1) Consider conducting a longitudinal study. The best way to test Reveal’s ideas would be to conduct a longitudinal study by observing some people over time. For example, recruit 1,000 people at Willow Creek. Some who are there for their first Sunday, some who have been there for years, and some in between. Collect information about them, such as is already collected in Reveal. Then wait six months to a year and collect the same information about them. Maybe wait another time period and do it again. At the end, you’ll have data to test how people change over time in response to being at Willow Creek. You can test what stages people go through, and how they change with time in the church. These would be fascinating data, and I don’t know of any church that has collected them.
2) Collect church-level measures. As I discuss above, the additional tens of thousands of respondents in the next phase of Reveal really don’t buy much in terms of statistical power. What would be useful, however, would be to collect data about the 500 churches themselves. Record data such as:
- how big is the church
- what size town is it in
- how many pastors do they have
- do they have a “seeker-sensitive” approach to ministry
- what is their budget
- what percentage of their leadership are women or racial minorities
- anything other church characteristic that might affect the individuals’ experiences at a church
With sufficient church-level measures, the Reveal authors could then conduct what is called a multi-level analysis. They could examine which individual characteristics make a difference versus which church characteristics.
The classic example of multi-level analysis comes from educational studies. If a child succeeds in education, it could be due to who they are as students—smart, hard working, high goals, etc. Success could also be due to the school they go to—low teacher/student ratio, highly educated and paid teachers, fellow students who are going to college, etc. Or, it could be both the child and the school.
Multi-level education studies pick a series of schools, measuring school characteristics, and then pick individual students within those schools, measuring individual characteristics. They then analyze these multi-level data using various statistical techniques (such as “hierarchical linear modeling”).
The result: A reasonably clear statement about whether it’s the person, the organization, or both that affect individual outcomes.
3) Draw from social science. The analytic approach used in Reveal comes from business marketing studies, and this poses some problems when applied to people, for people are a more complex unit of study than most business products.
Consider studying perfume sales at a department store versus people’s behavior. A bottle of perfume won’t up and leave by itself if it doesn’t like where it is placed. People will change due to situations if they are unhappy. A bottle of perfume won’t be different if it is surrounded by other bottles of perfume. People are different depending on who’s around them. The actual contents of a perfume bottle don’t change depending on what people think of it. People do change based on other peoples’ opinions.

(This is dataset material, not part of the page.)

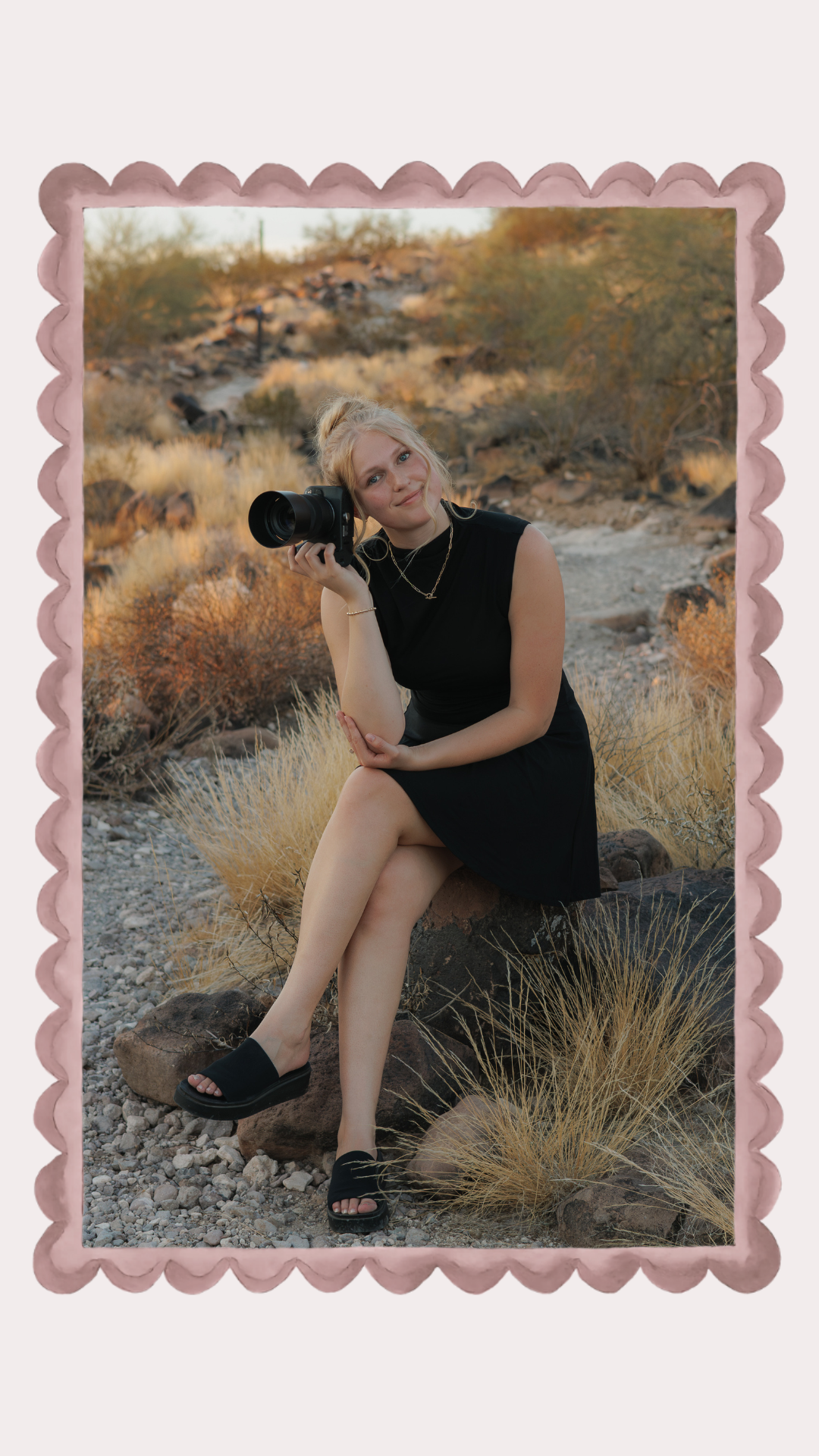 Blonde woman in black dress sitting on rocks in desert landscape holding a professional camera, smiling.
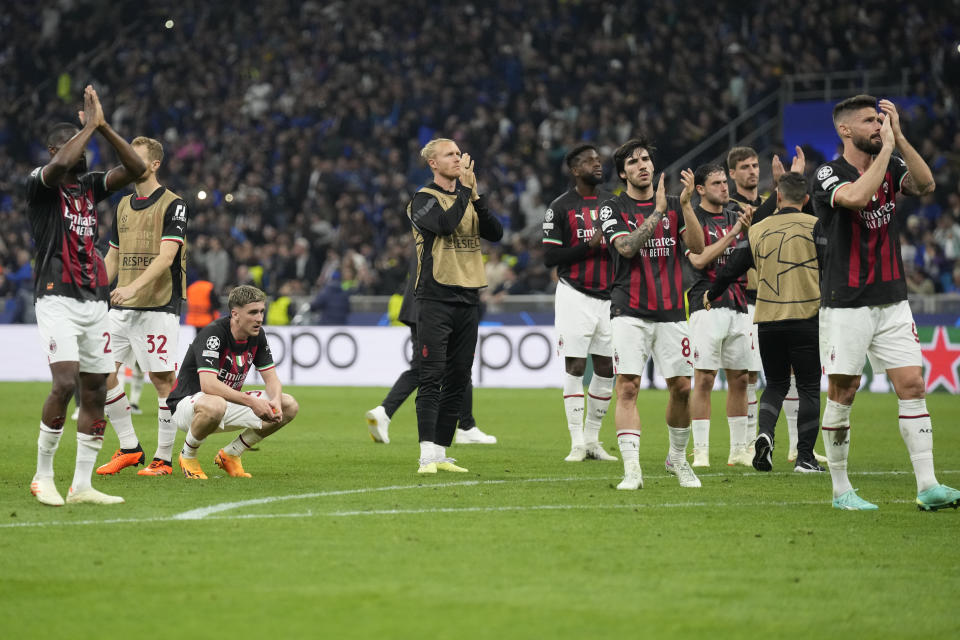 Dejected Inter Milan players greet supporters after the Champions League semifinal second leg soccer match between Inter Milan and AC Milan at the San Siro stadium in Milan, Italy, Tuesday, May 16, 2023. (AP Photo/Antonio Calanni)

As described in Reveal, the driving analytic strategy in marketing/ business studies is “maximizing predictability.” This means identifying which predictor variables best predict the outcome variable (it’s also called “maximizing explained variance”). In sociology this is generally in sociology this is considered a not a good idea when it comes to people, for it capitalizes on chance, potentially amplifies measurement and sampling error, and produces less interesting results.
There are plenty of social scientists who apply the latest statistical and sampling methods in applying religious behaviors, and Willow Creek should get some of these people are board. To see the difference between a social science approach and the marketing approach of Reveal, pick up any book by Christian Smith, a sociologist at Notre Dame. He’s about the best in the business when it comes to surveys about religion, and his work produces simple, clear, believable findings.
These three suggestions would substantially increase the power and importance of the Reveal study, helping it to further achieve its laudable goals of helping the church grow.